On Friday night, I watched The Late Show with David Letterman because Artie Lange was on. It's really weird how everyone on The Howard Stern Show went from dealing with the shock of Lange's attempted suicide, to dealing with his absence and then, somewhat abruptly, going to a mode where they avoided mentioning him except to make it clear that Stern didn't want him back on the show for his own good. Well, Lange is on the radio, and he has been for weeks though I didn't know it until I saw him on Letterman--Lange has a sports radio show with Nick Di Paolo which streams completely for free at nickandartie.com.
I don't have the remotest interest in sports, and Di Paolo is rather a hostile conservative, but he's funny when he's not talking about politics. And Lange somehow makes sports stories interesting even to me, though I don't understand half of what he says. It's my lack of interest in sports that keeps me from listening to entire shows, I think, but Lange has that natural gift for telling stories that makes me keep going back. Mostly, though, it's made me feel less inclined to listen to radio altogether. The Stern Show has less lustre knowing Stern can't bring himself to let Lange back on.

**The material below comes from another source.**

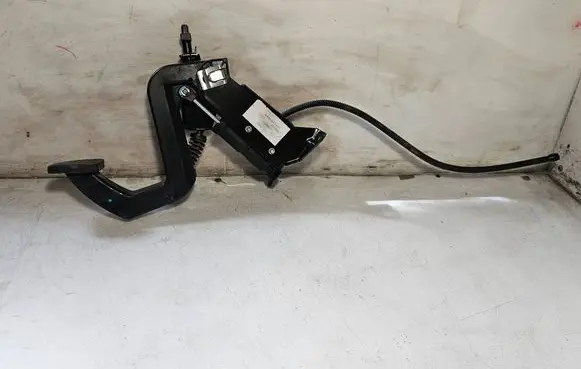 Mercedes-Benz Vito Viano W639 Brake pedal A6392902401 A6392900516 A6392900116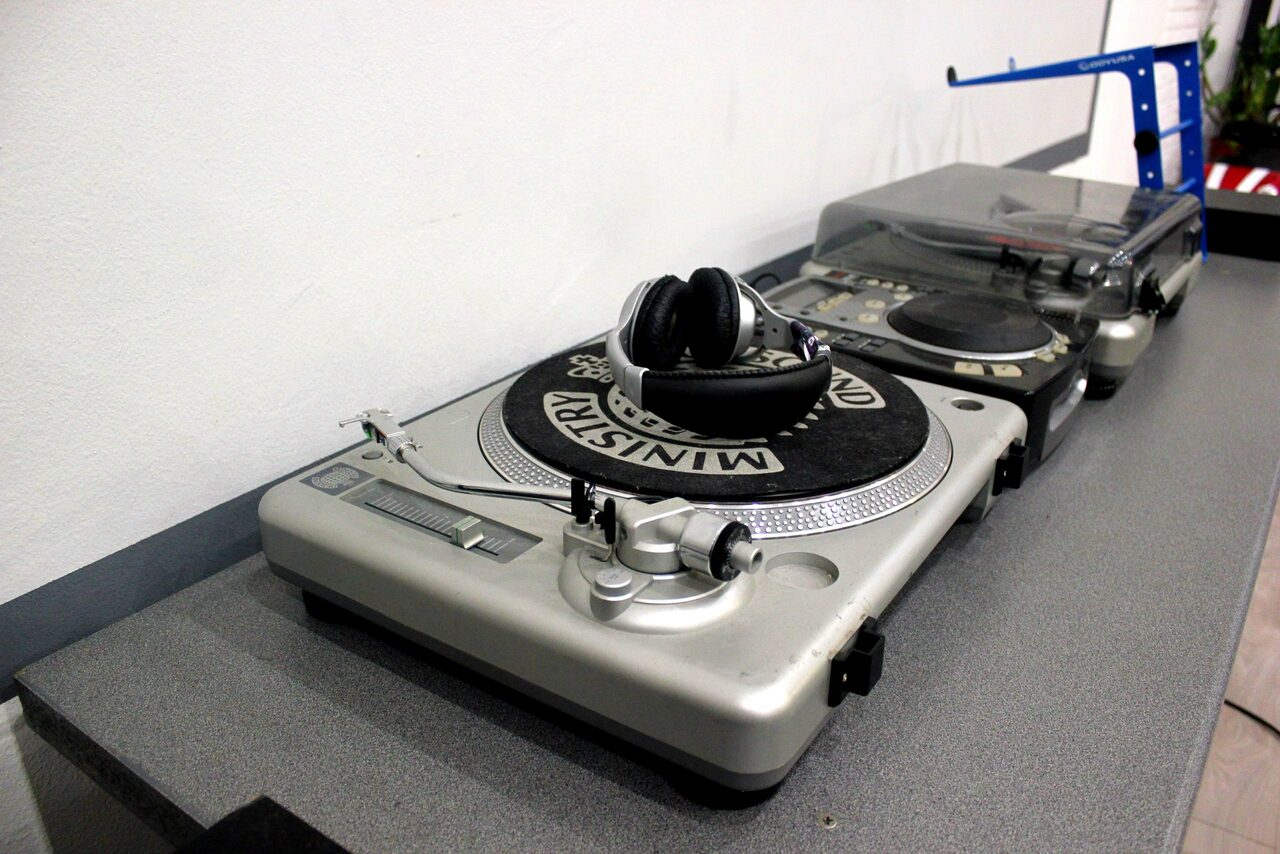 Арендовать СМЕНА - скейтпарк культуры и отдыха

I think he should honestly ask himself if having Artie on drugs is worse than having no Artie at all.
Which is not to say I think Artie is using--just that I think it's useless to speculate or to try to control what he does in his personal life. The only thing shutting someone out accomplishes is shutting them out.
I do think Lange's got a self destruct programme still running in him. Something about the way he awkwardly worked in a suicide joke at the end of his interview with Letterman. But he also clearly seemed like a guy who needs friends.